Records for this exercise -
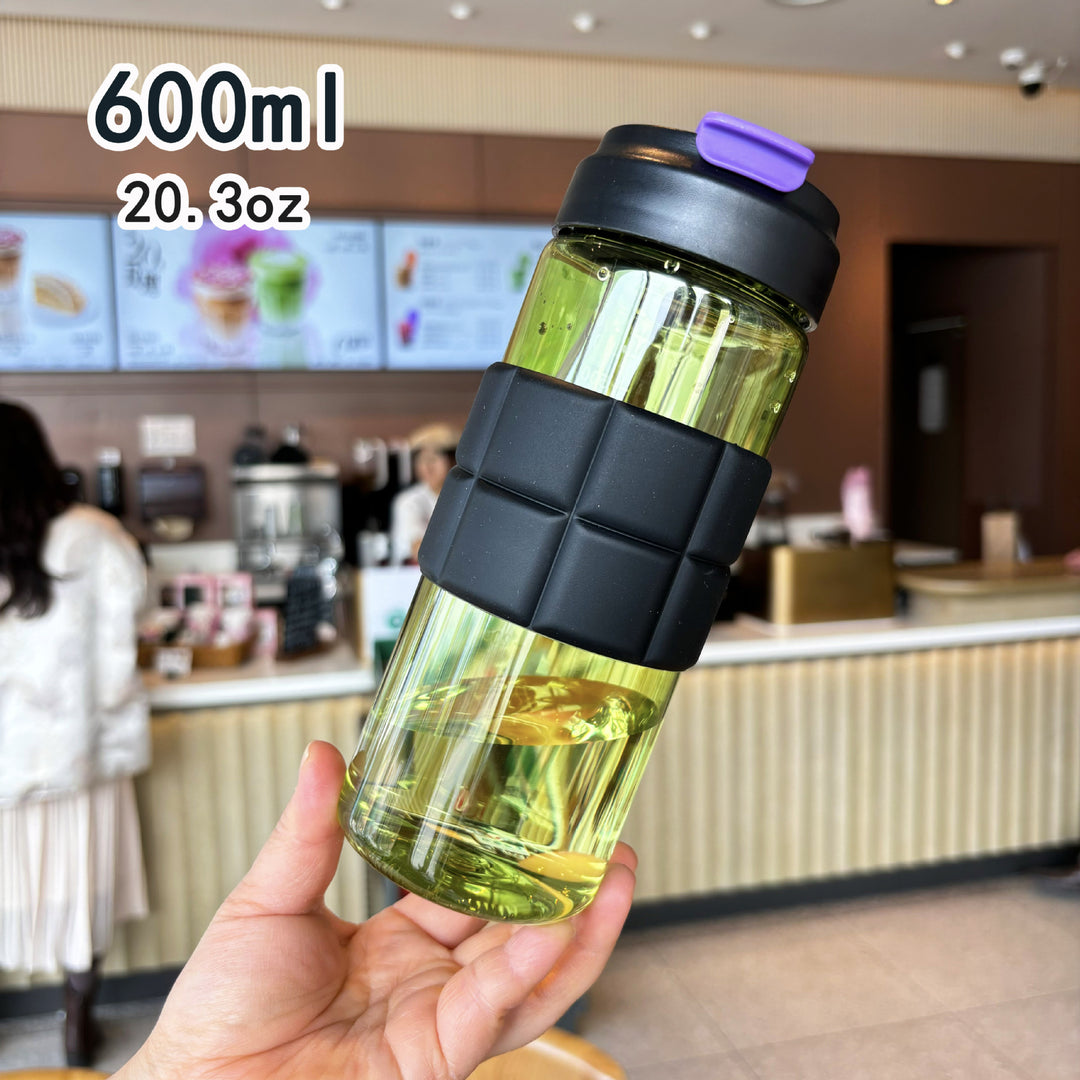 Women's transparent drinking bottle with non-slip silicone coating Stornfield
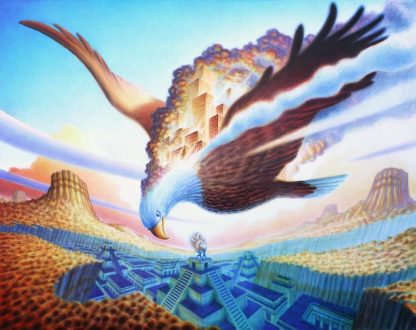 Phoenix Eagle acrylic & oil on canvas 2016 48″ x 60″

* * *

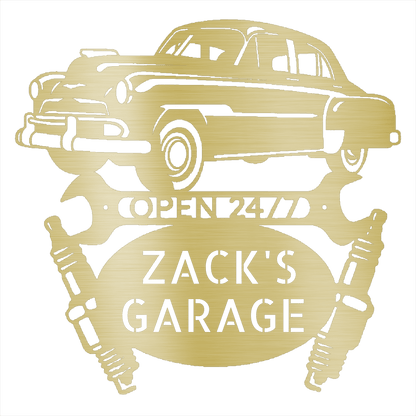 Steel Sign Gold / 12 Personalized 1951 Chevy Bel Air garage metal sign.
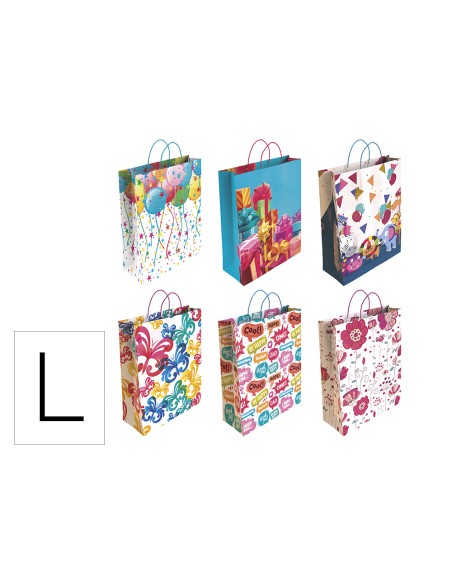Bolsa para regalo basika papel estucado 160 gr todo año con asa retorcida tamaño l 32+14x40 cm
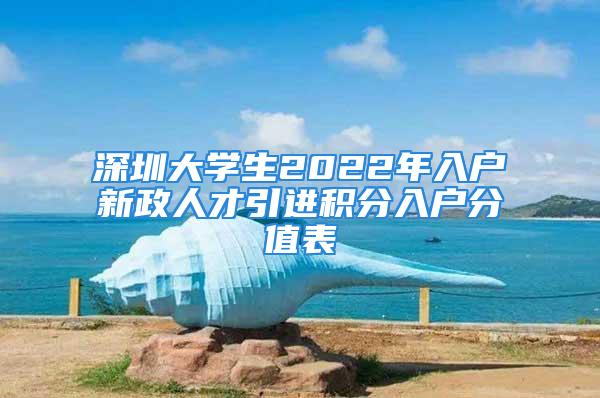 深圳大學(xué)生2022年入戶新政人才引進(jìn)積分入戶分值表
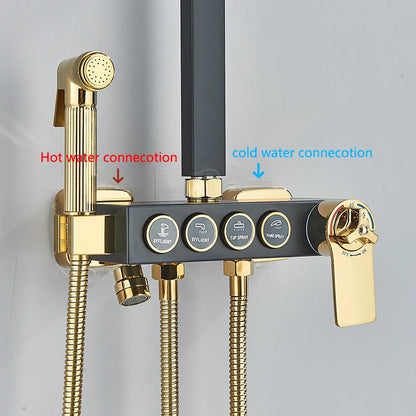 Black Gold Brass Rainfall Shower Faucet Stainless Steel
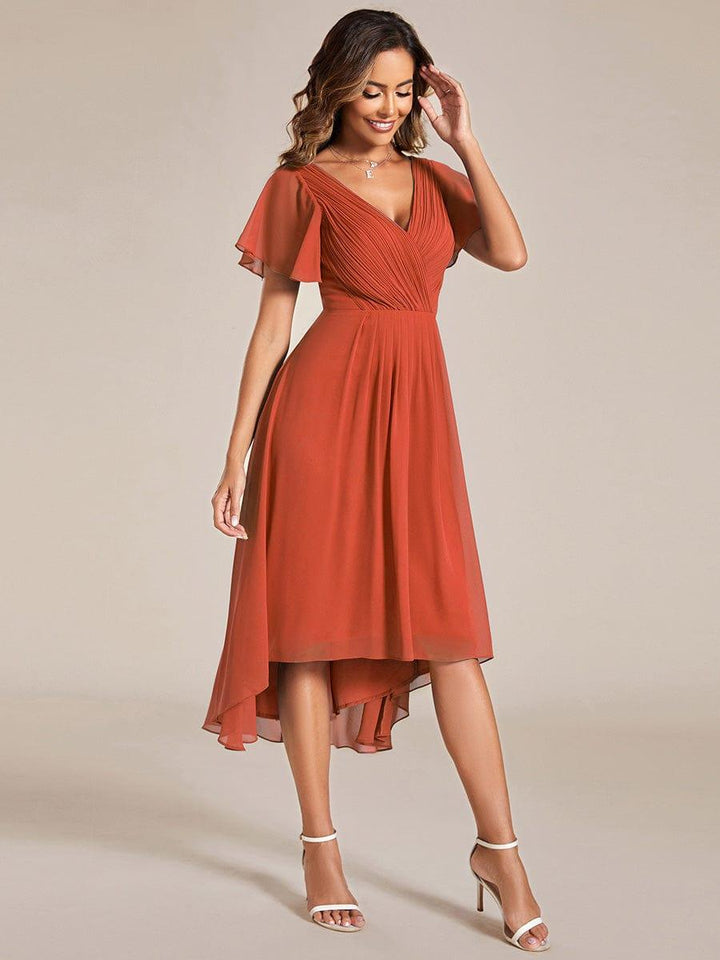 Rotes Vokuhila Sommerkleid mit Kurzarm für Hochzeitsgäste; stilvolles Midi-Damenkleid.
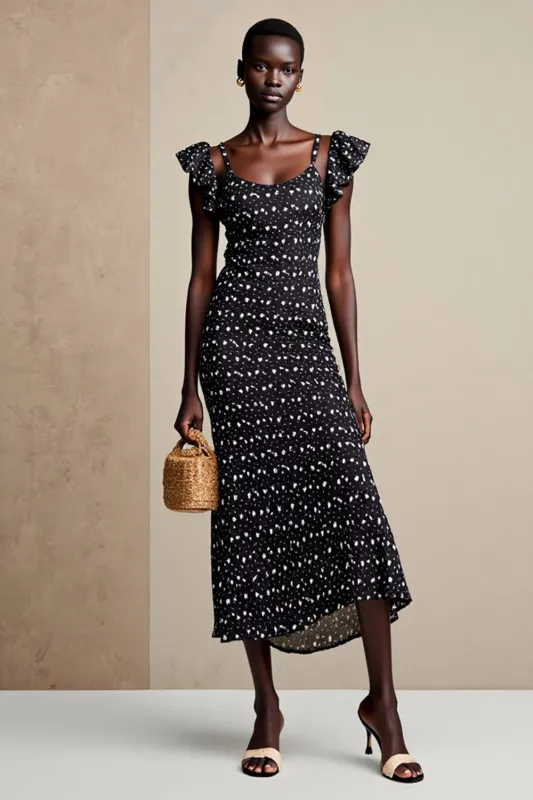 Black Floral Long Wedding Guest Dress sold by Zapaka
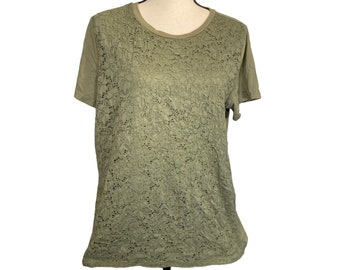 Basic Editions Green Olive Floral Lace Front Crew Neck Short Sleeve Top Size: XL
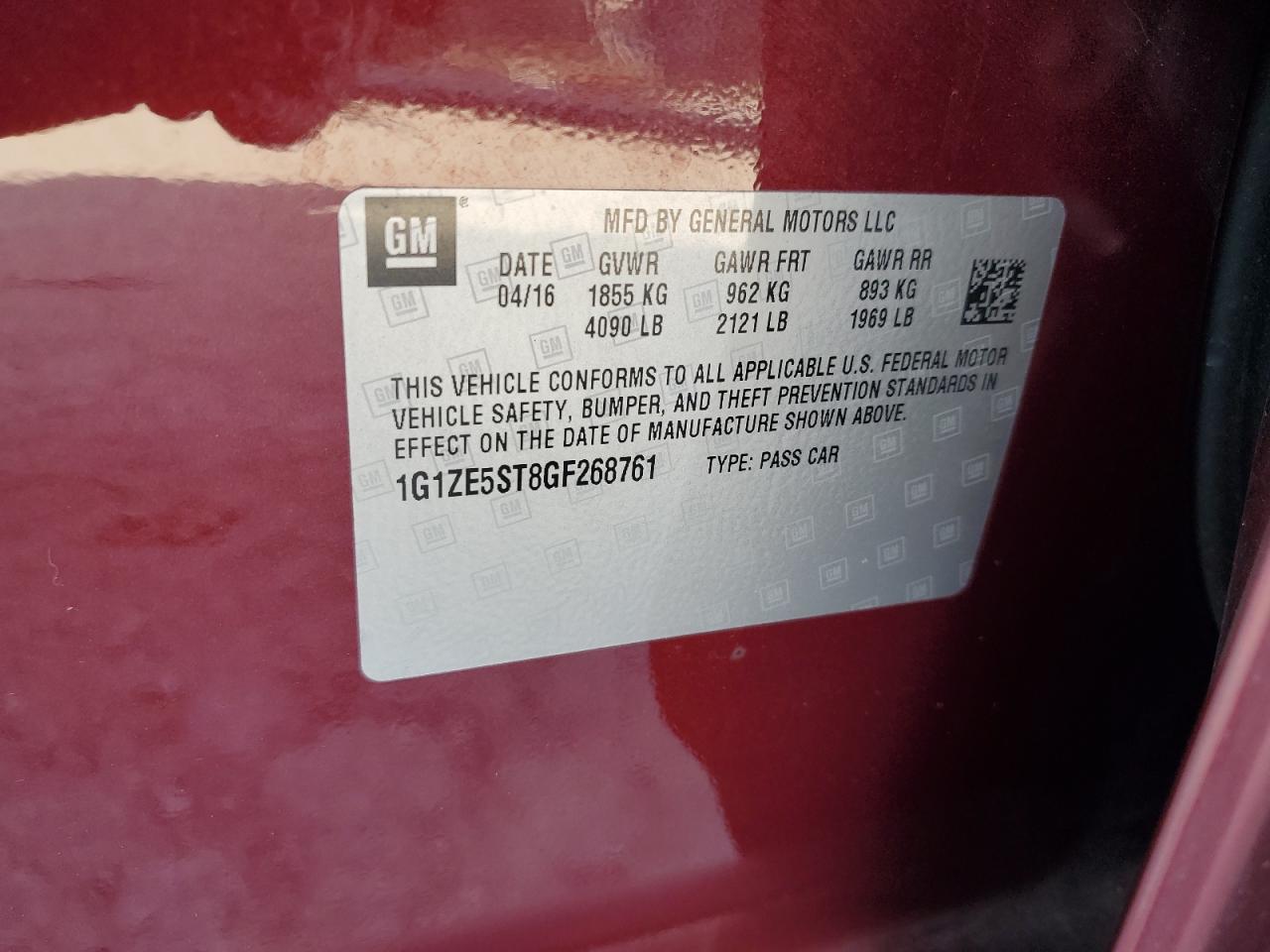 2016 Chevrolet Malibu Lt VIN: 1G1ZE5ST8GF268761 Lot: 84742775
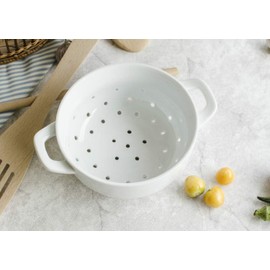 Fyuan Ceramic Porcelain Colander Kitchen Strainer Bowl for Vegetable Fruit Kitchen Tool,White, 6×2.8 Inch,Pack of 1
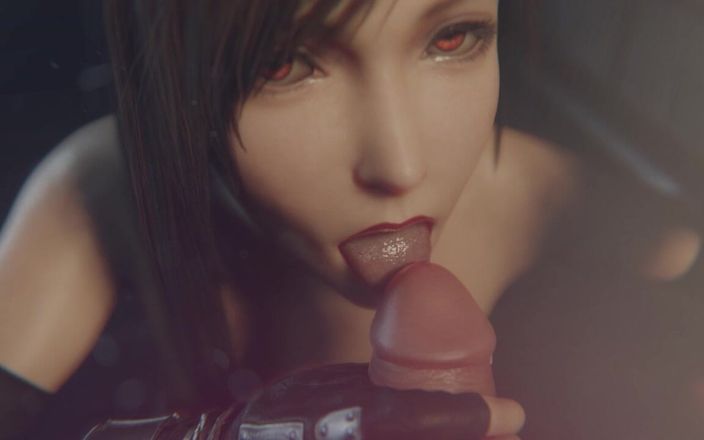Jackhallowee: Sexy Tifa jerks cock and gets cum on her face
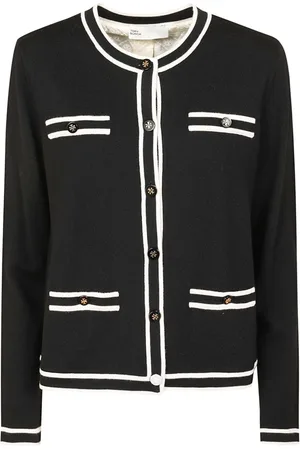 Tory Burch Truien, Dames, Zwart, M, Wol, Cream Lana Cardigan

==

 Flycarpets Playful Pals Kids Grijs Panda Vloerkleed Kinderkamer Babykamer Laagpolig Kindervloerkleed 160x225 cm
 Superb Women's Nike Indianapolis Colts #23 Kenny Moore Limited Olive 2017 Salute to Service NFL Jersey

Task to complete -
Starting with the line above that holds "Women's transparent drinking", restate each line word for word up to and including the line that holds "Phoenix Eagle acrylic". Drop the pictures.

Answer for the task -
 Women's transparent drinking bottle with non-slip silicone coating Stornfield
 Phoenix Eagle acrylic & oil on canvas 2016 48″ x 60″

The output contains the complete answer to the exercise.